Internationally rising fuel prices and rising competition have spurred Ford into developing small cars. The company has joined hands with Italy's Fiat for making small cars for the US and European markets that would help both the carmakers face the combined onslaught of the Japanese and Korean competition.
In the US, these small cars would replace older models like the Fiat 500 and the Ford KA. The joint venture would help the companies keep development costs down. Initially they are likely to be launched in the US, where Toyota is fast gathering market share at the cost of the big two in Detroit. It's a certainty that Ford's small cars will ultimately come to India, going by the popularity of small cars in the country. However, it is anyone's guess as to when that will happen.
Ford also seems to have decided to bring in the Fiesta a little late. David Freidman, the former managing director of Ford India admitted as much, saying, "Ford Motors has been going through a rough patch in the North America market, so it was a difficult time to look at making large new investments elsewhere. At the same time, competition has heated up in India and margins are being squeezed, so we've been deliberate about rolling out new models."
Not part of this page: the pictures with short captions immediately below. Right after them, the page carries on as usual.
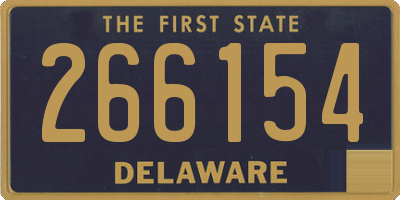DE license plate 266154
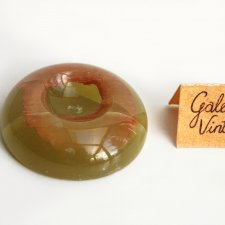 Podstawka z kamienia na kulę lub jajko, zielony onyks pakistański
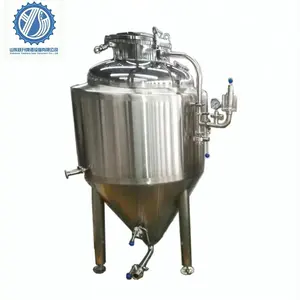 Bom preço home brew 100 galão tanque fermentador cônico de aço inoxidável para a cerveja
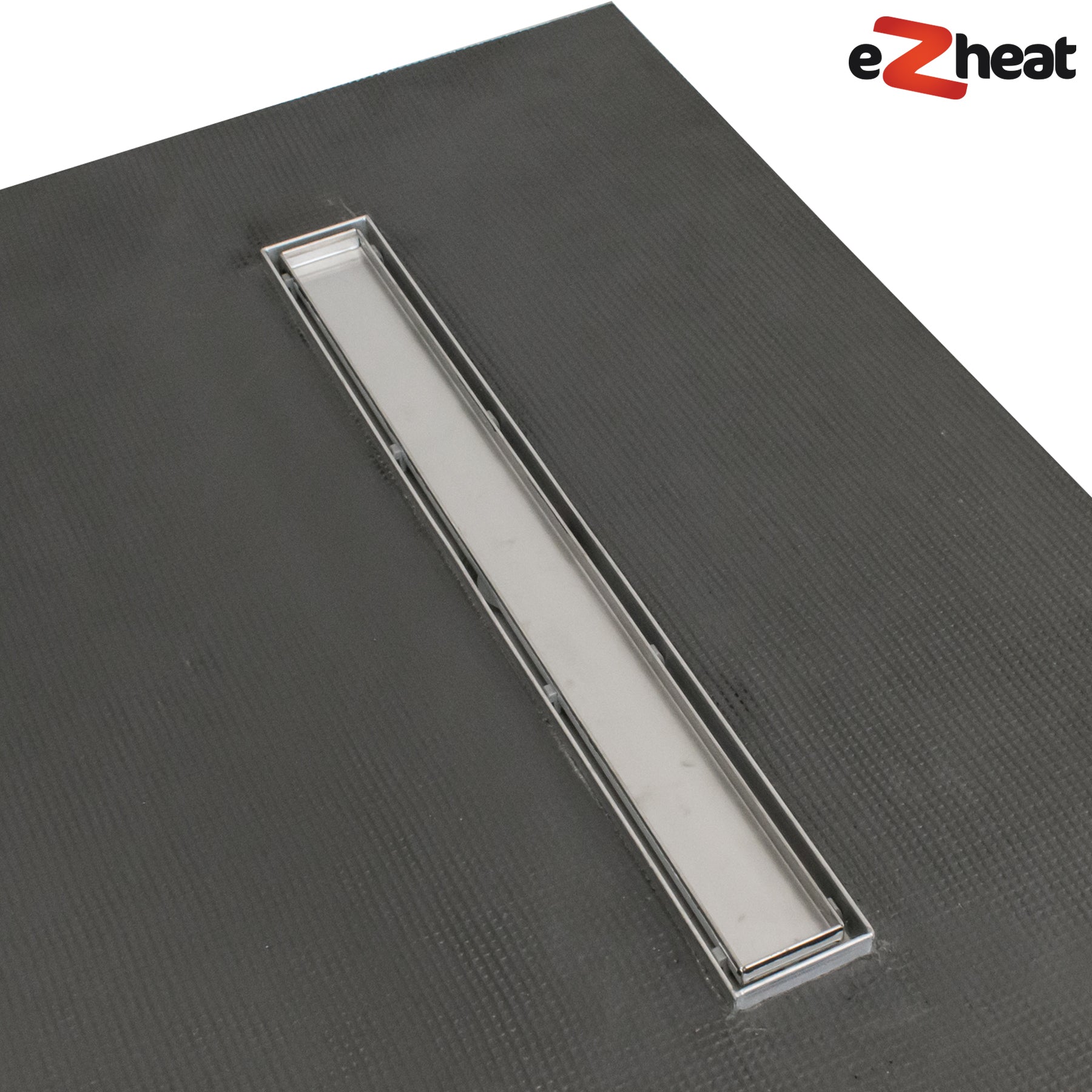 1800 x 900 x 30mm Linear Wetroom Shower Tray Kit with Drain & Choice of Grate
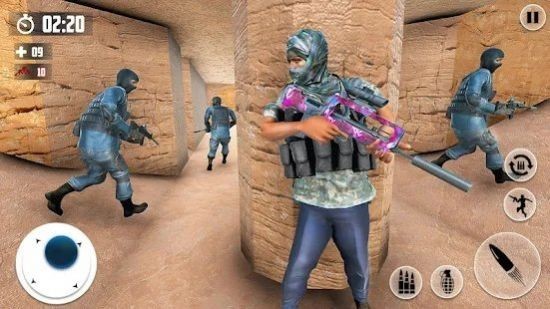 反恐射擊3d中文版1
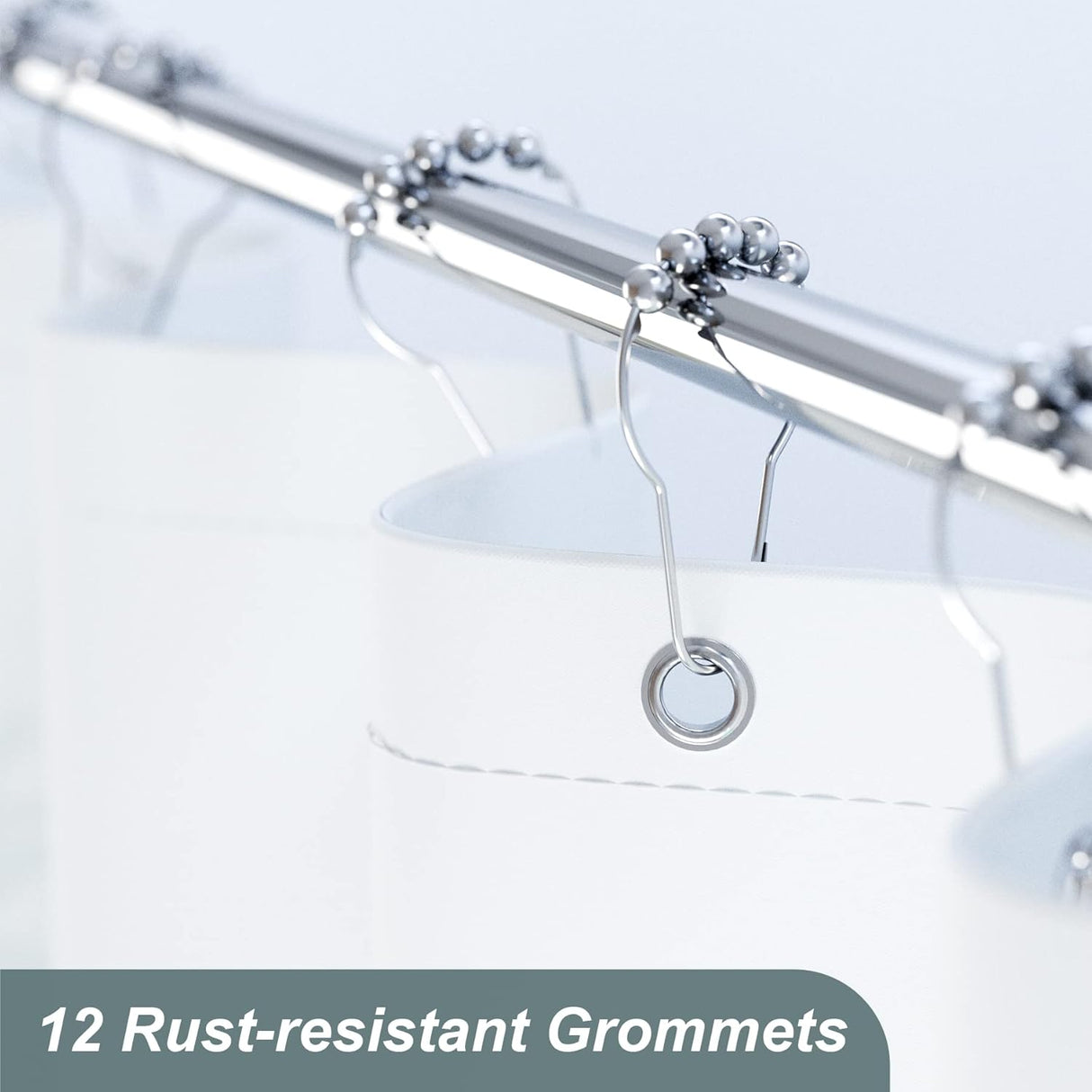 Forest Shower Curtain with Curtain Rings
In the past few years the Indian market has become more competitive, and new launches are expected in the coming months. In addition, existing carmakers are expanding capacity keeping in view the fact that the market is growing at 10 to 15 per cent per annum.
Most carmakers, even small manufacturers, are adding capacity.
Hyundai India has spent $450 to $500 million on a second plant next to its first one in Madras, which will take its total capacity to 400,000 cars per year by 2007.
Honda is raising its annual capacity to 50,000 units from 30,000 by the end of 2005, at a cost of $33 million.
General Motors has more than doubled the capacity in its Gujarat facility to 60,000 units at a cost of $69 million, and can step up to 80,000 units if required.
Czech carmaker Skoda is also nearly doubling capacity in India, while German car makers BMW and Volkswagen are looking at setting up plants.
French carmaker Renault is in a joint venture with Mahindra & Mahindra (M&M) to make the Logan sedan.
Apart from this there is competition from Indian car manufacturers, who are also exporting cars to other markets.
The decision to launch the Fiesta in India at this point of time raises a question mark. According to Arvind Mathew, managing director, Ford India, the Fiesta is a powerful brand name that is widely admired around the world. Also, success in the domestic market is very important for Ford's operations, as it is reporting flat exports of the Ikon to the Latin American and South African markets since last year.
The Fiesta was originally introduced in the '70s and has gone through six redesigns. A small car by American standards - its hatchback version available in Europe is slightly larger than Zen or the Santro - the three box version of the Fiesta to be introduced in India is still smaller than the Corolla and the Elantra. Given its aggressive pricing, the Fiesta may just surprise its rivals. How it does in the showrooms will have to be seen.